# REQUIRED ACTION:
The entries are to be written out word for word, with their images left out.

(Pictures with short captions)
————

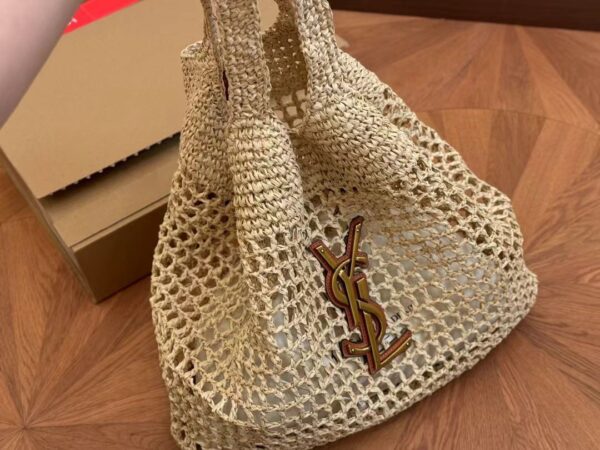SAINT LAURENT RAFFIA ICARE TOTE BAG NATUREL AND BROWN GOLD 45CM 772191GAAEK2063 - Image 3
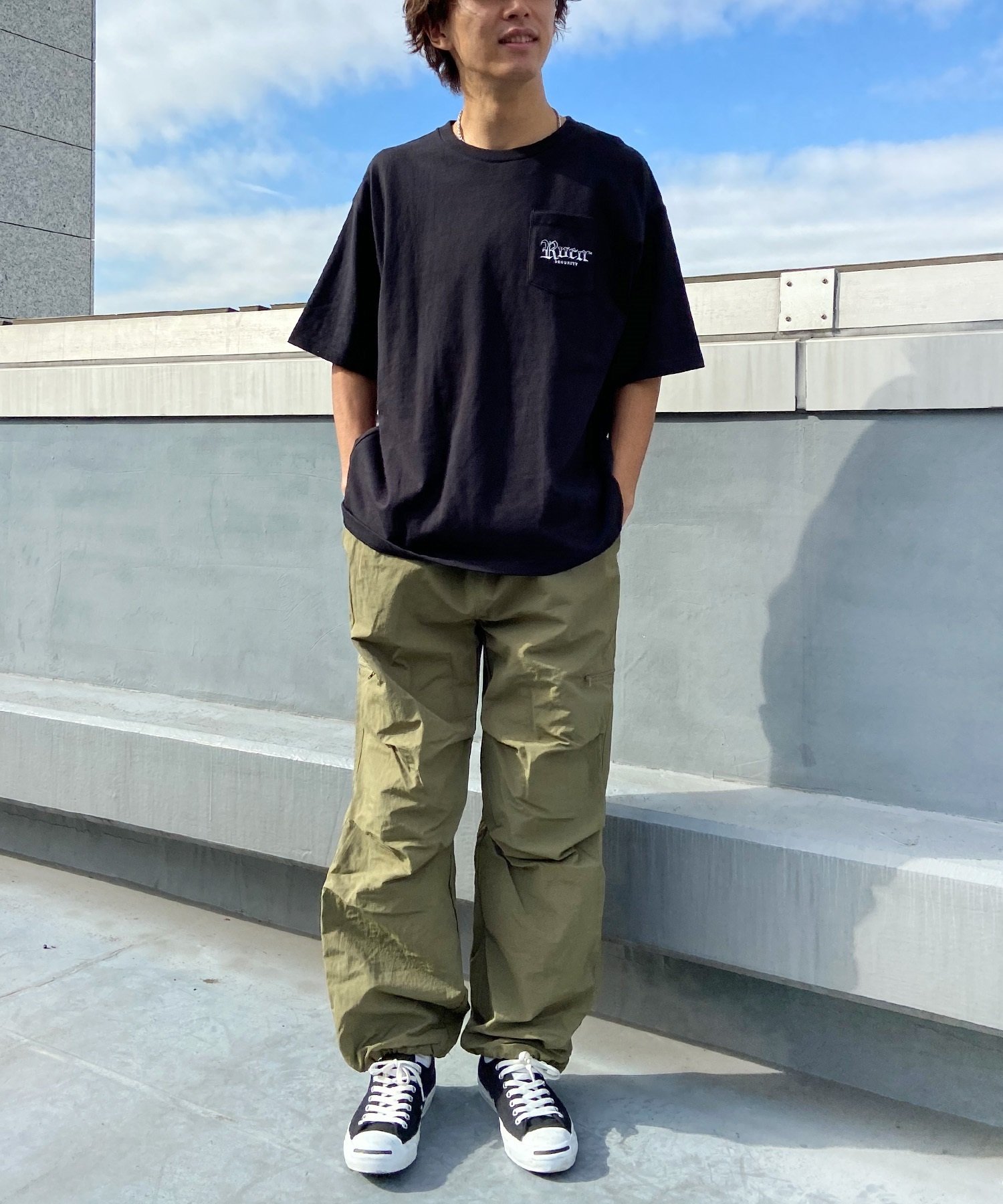 RVCA ルーカ メンズ 半袖 Tシャツ ポケT ポケット バックプリント オーバーサイズ 犬モチーフ ドッグ BE041-228(WHT-S)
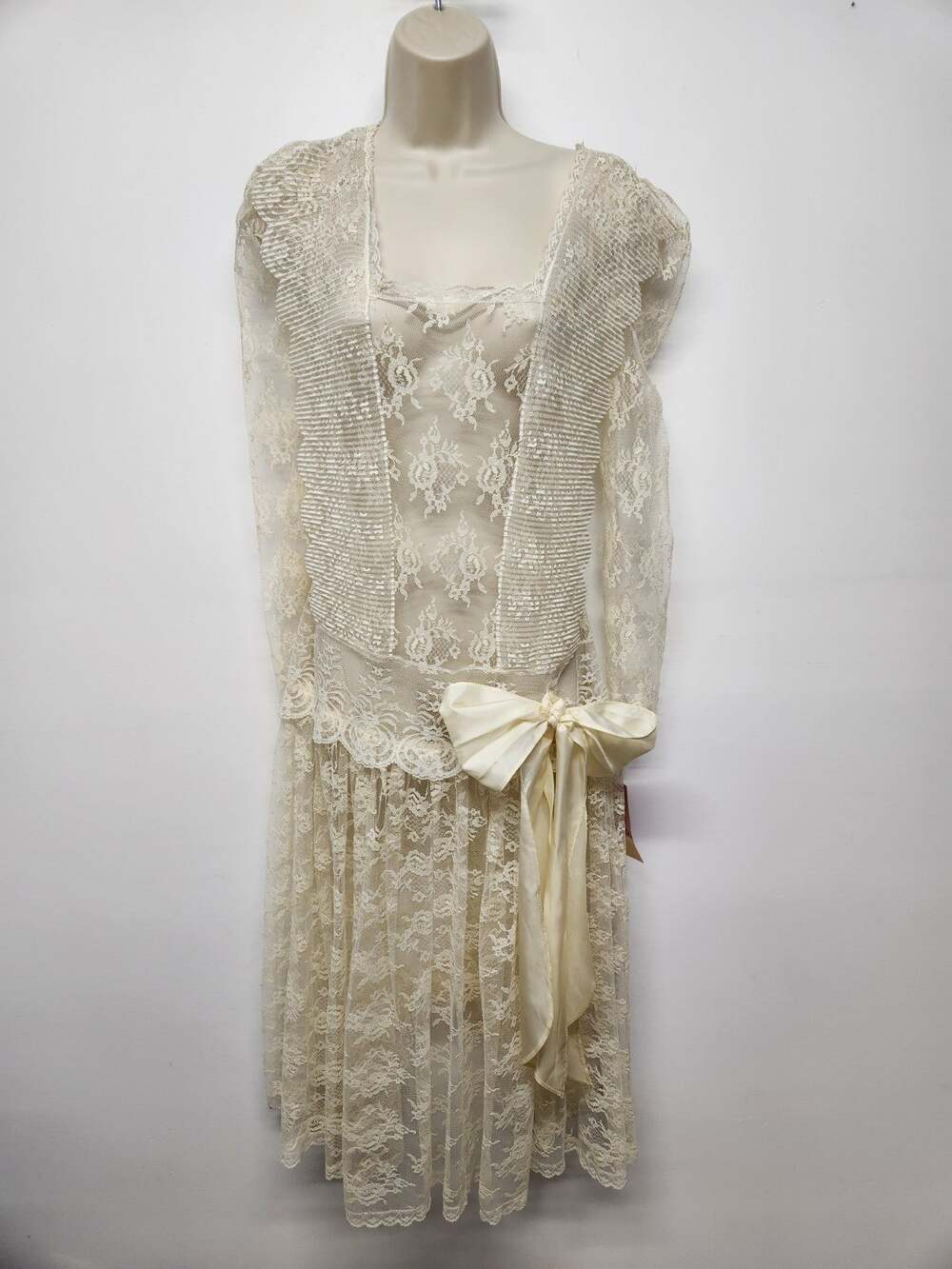 Vintage 80s Glenrob Women's Ivory Lace Sheer Drop Waist Midi Dress, Sz 9/10 Sm/M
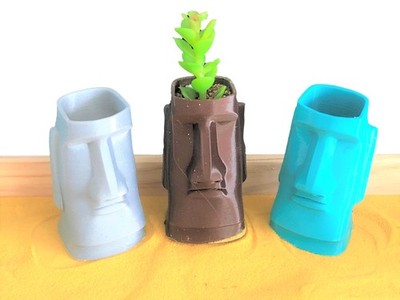 Tiki Head Flower Pot Planter - Succulent Planter and Air Plant Holder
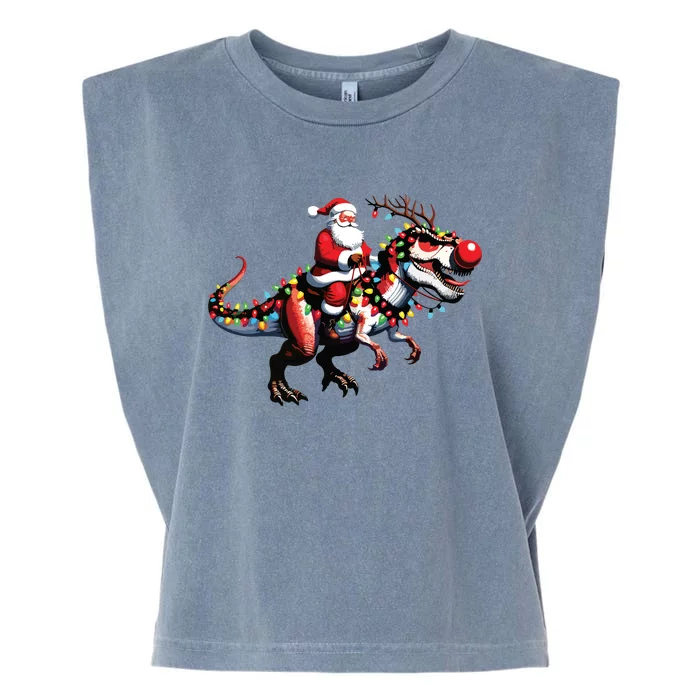 Funny Santa Riding A Reindeer Dinosaur Christmas Garment-Dyed Women's Muscle Tee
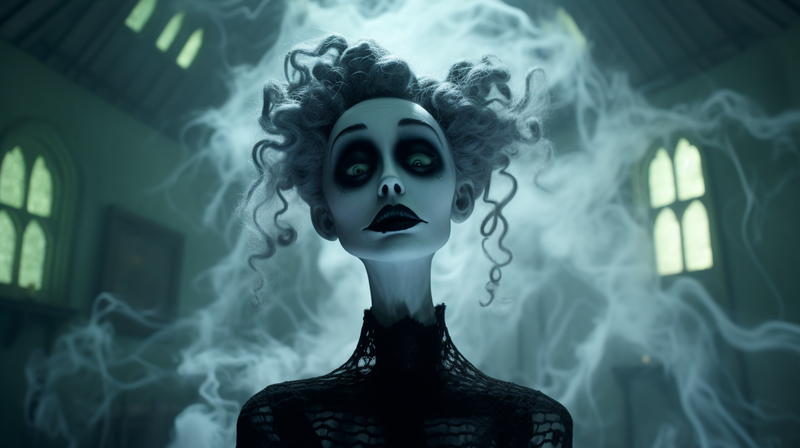 nick0079_a_female_ghost_with_black_makeup_inside_a_haunted_mans_92ed5b65-7765-4532-83ab-e160ed0612a5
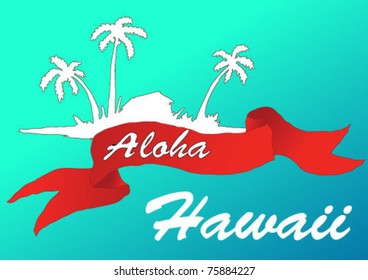 Tropical Background Aloha Hawaii Vector Palms Stock Vector (Royalty ...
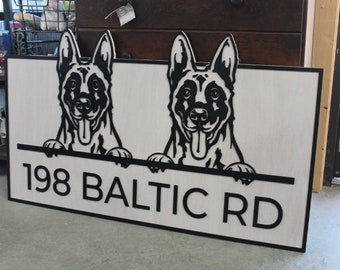 Custom Address German Shepherd Dog GSD Family Entrance Rectangle 3D Large Custom Indoor Outdoor Personalized Logo Laser Cut Wood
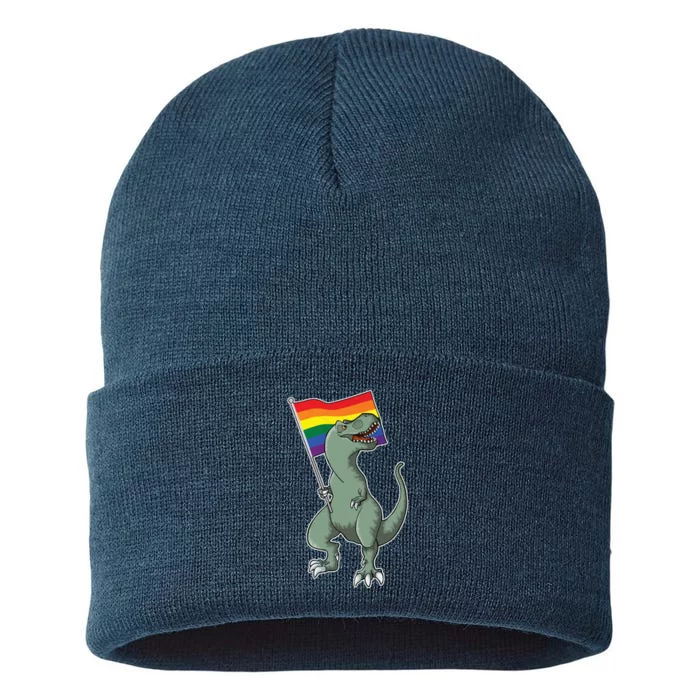 LGBT Pride TRex Dinosaur Sustainable Knit Beanie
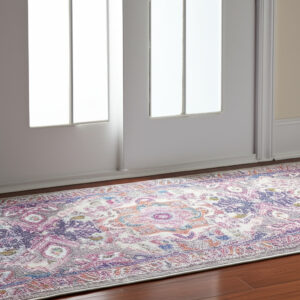 6' Light Gray And Pink Medallion Runner Rug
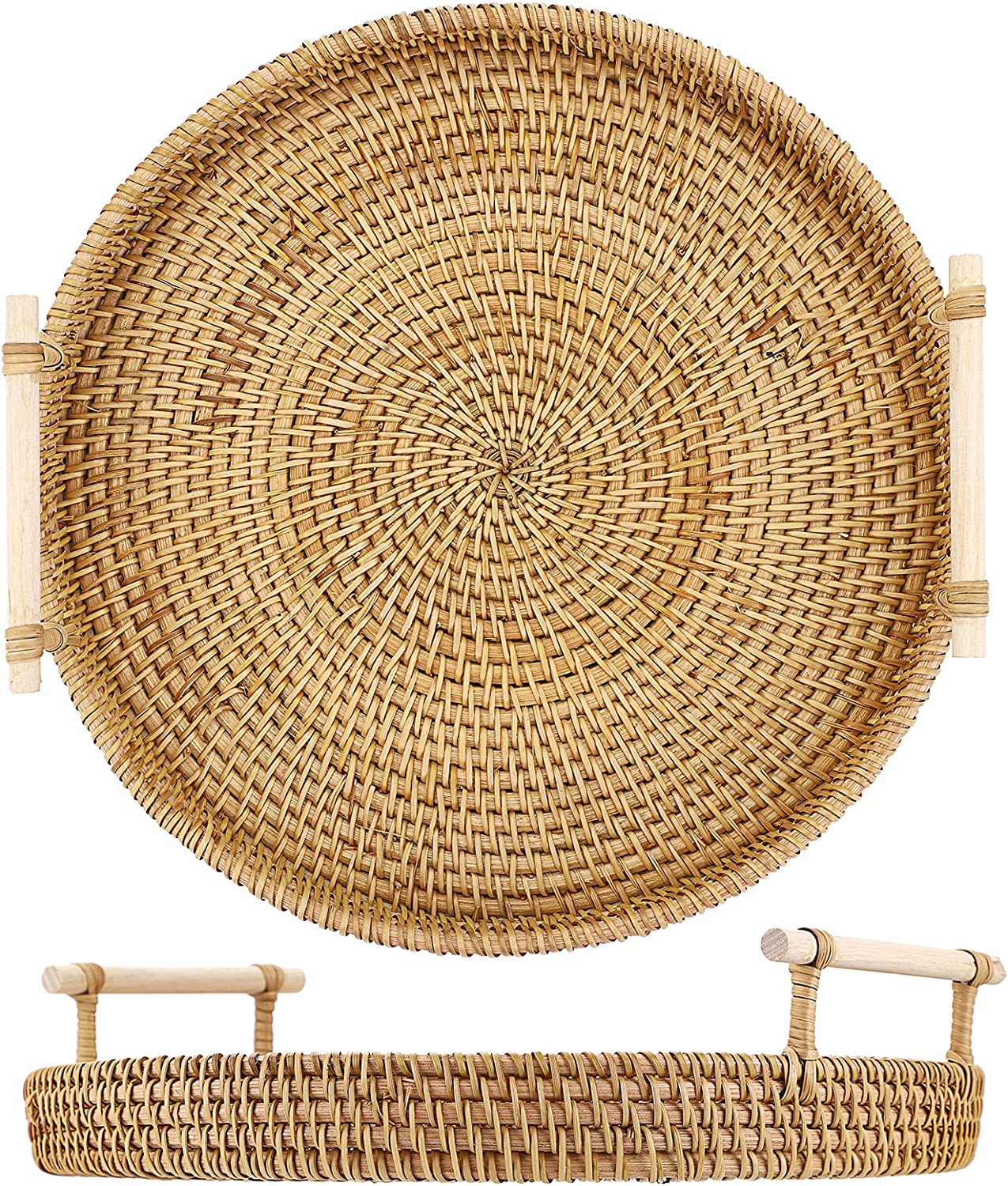 Bộ khay mây đan tròn 26 & 30cm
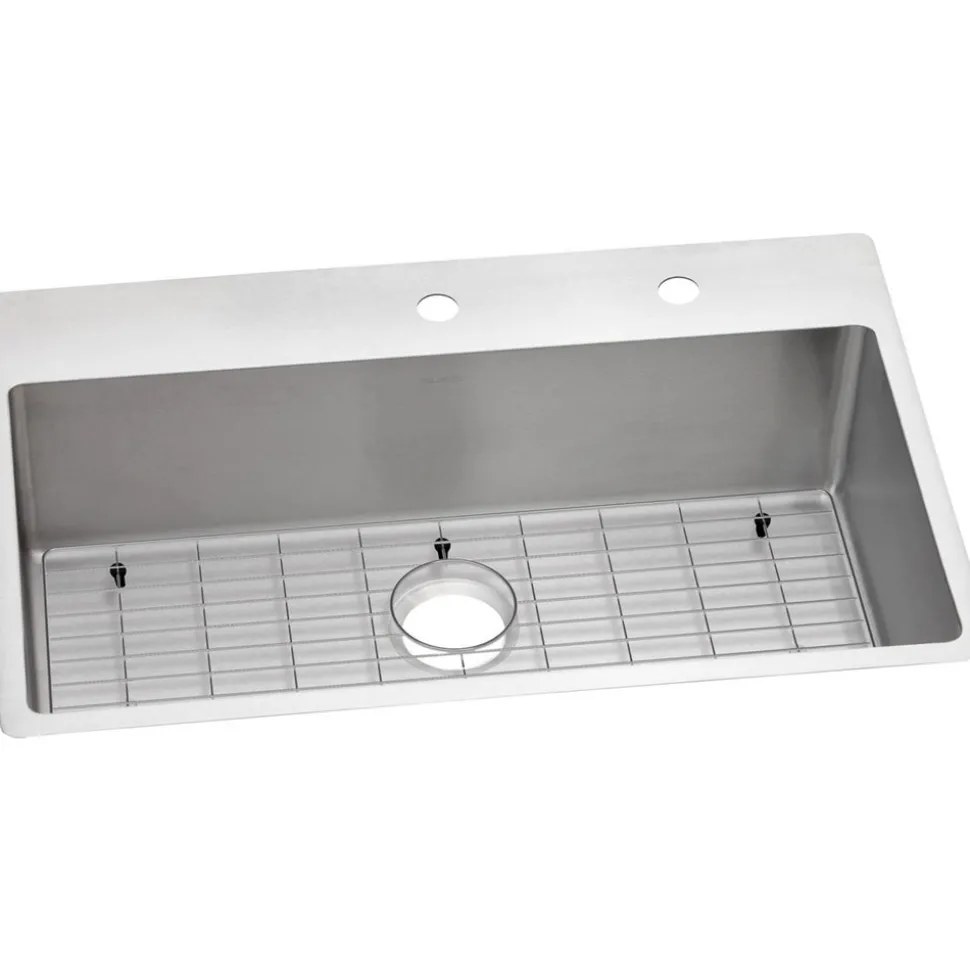 Elkay (1-Kit) Crosstown 33 in. x 22 in. x 9 in. 18-Gauge Stainless Steel FR2-Hole Dual Mount Sink Kit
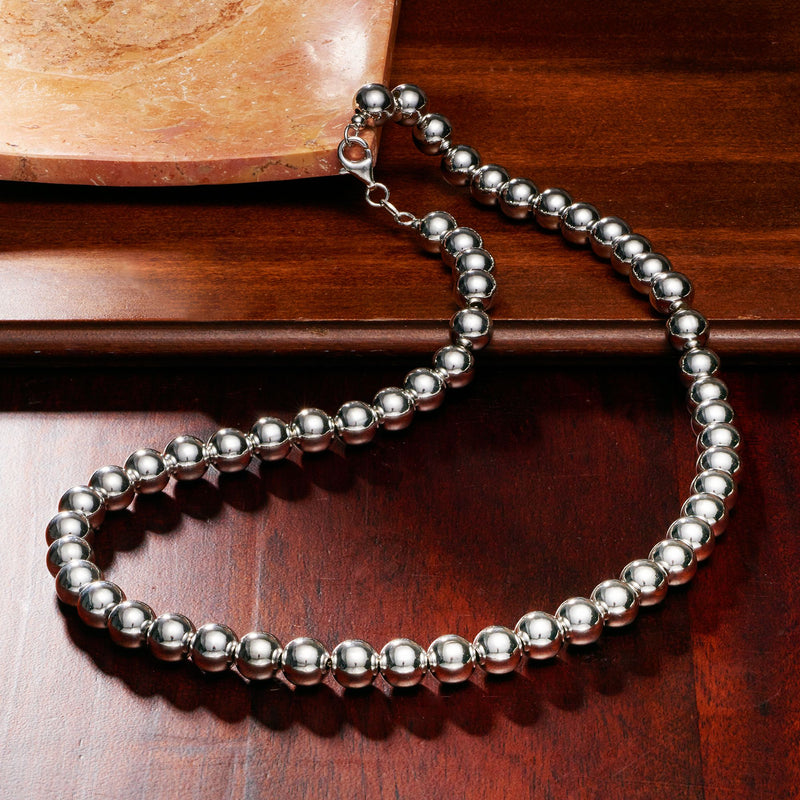 Sterling silver 8mm bead necklace with round beads and clasp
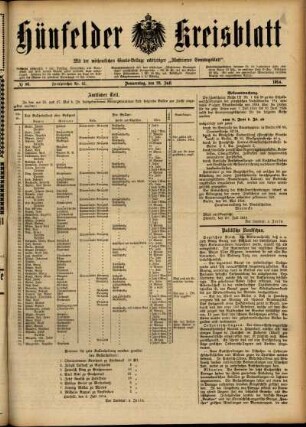 Ausgabe vom Donnerstag, den 23. Juli 1914.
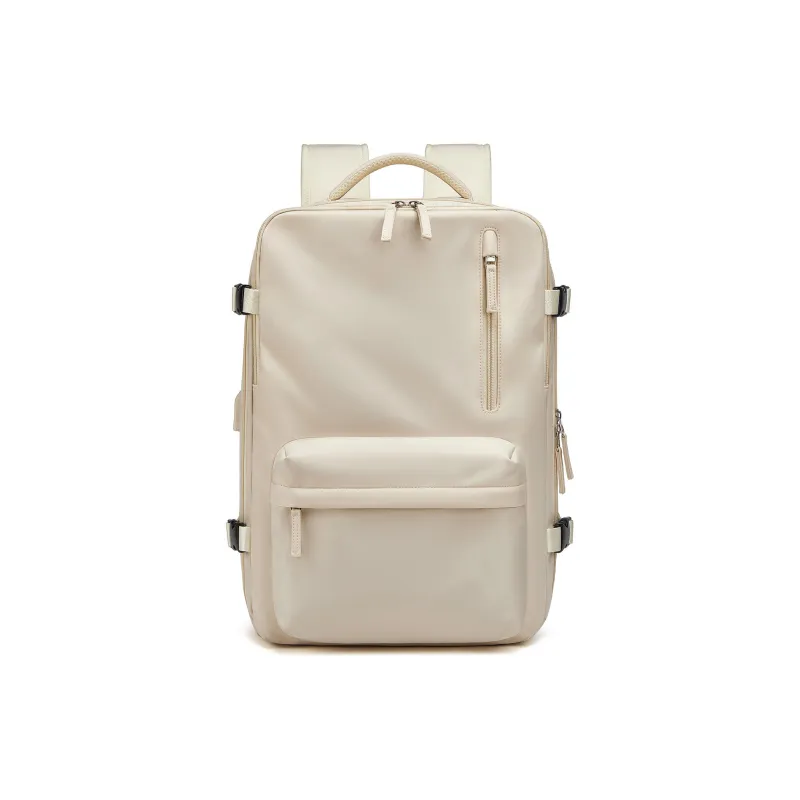 Land Gulls Nylon Double Shoulder Backpack Laptop Bag Regular Unisex Ecru-1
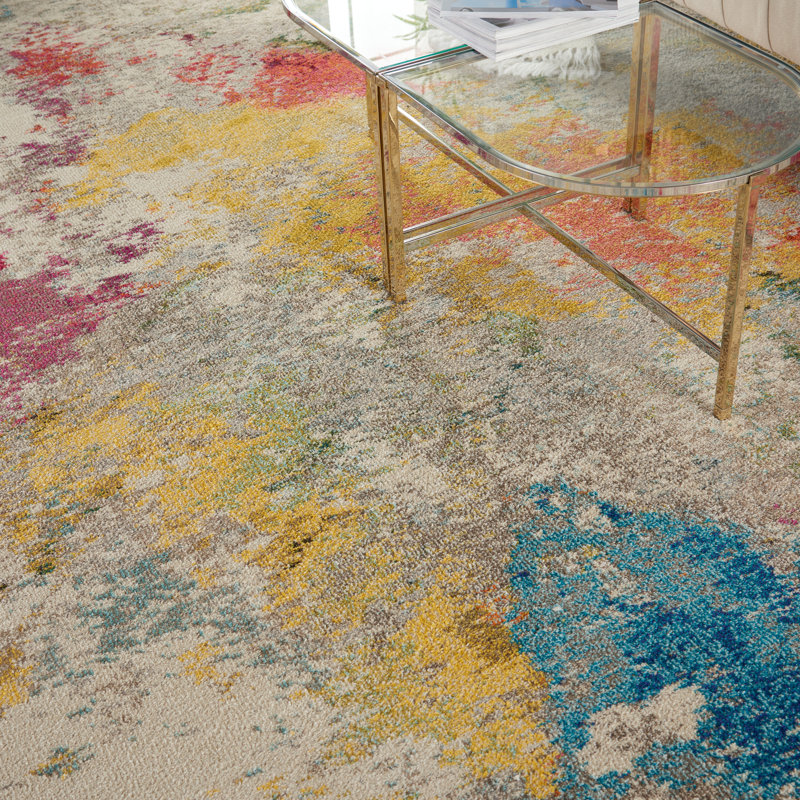 Allegro Abstract Ivory/Yellow Area Rug, Rectangle 3'11" x 5'11"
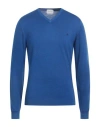 Brooksfield Man Sweater Blue Size 40 Virgin Wool In Blue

————

# EXPECTED ANSWER:
SAINT LAURENT RAFFIA ICARE TOTE BAG NATUREL AND BROWN GOLD 45CM 772191GAAEK2063 - Image 3
 RVCA ルーカ メンズ 半袖 Tシャツ ポケT ポケット バックプリント オーバーサイズ 犬モチーフ ドッグ BE041-228(WHT-S)
 Vintage 80s Glenrob Women's Ivory Lace Sheer Drop Waist Midi Dress, Sz 9/10 Sm/M
 Tiki Head Flower Pot Planter - Succulent Planter and Air Plant Holder
 Funny Santa Riding A Reindeer Dinosaur Christmas Garment-Dyed Women's Muscle Tee
 nick0079_a_female_ghost_with_black_makeup_inside_a_haunted_mans_92ed5b65-7765-4532-83ab-e160ed0612a5
 Tropical Background Aloha Hawaii Vector Palms Stock Vector (Royalty ...
 Custom Address German Shepherd Dog GSD Family Entrance Rectangle 3D Large Custom Indoor Outdoor Personalized Logo Laser Cut Wood
 LGBT Pride TRex Dinosaur Sustainable Knit Beanie
 6' Light Gray And Pink Medallion Runner Rug
 Bộ khay mây đan tròn 26 & 30cm
 Elkay (1-Kit) Crosstown 33 in. x 22 in. x 9 in. 18-Gauge Stainless Steel FR2-Hole Dual Mount Sink Kit
 Sterling silver 8mm bead necklace with round beads and clasp
 Ausgabe vom Donnerstag, den 23. Juli 1914.
 Land Gulls Nylon Double Shoulder Backpack Laptop Bag Regular Unisex Ecru-1
 Allegro Abstract Ivory/Yellow Area Rug, Rectangle 3'11" x 5'11"
 Brooksfield Man Sweater Blue Size 40 Virgin Wool In Blue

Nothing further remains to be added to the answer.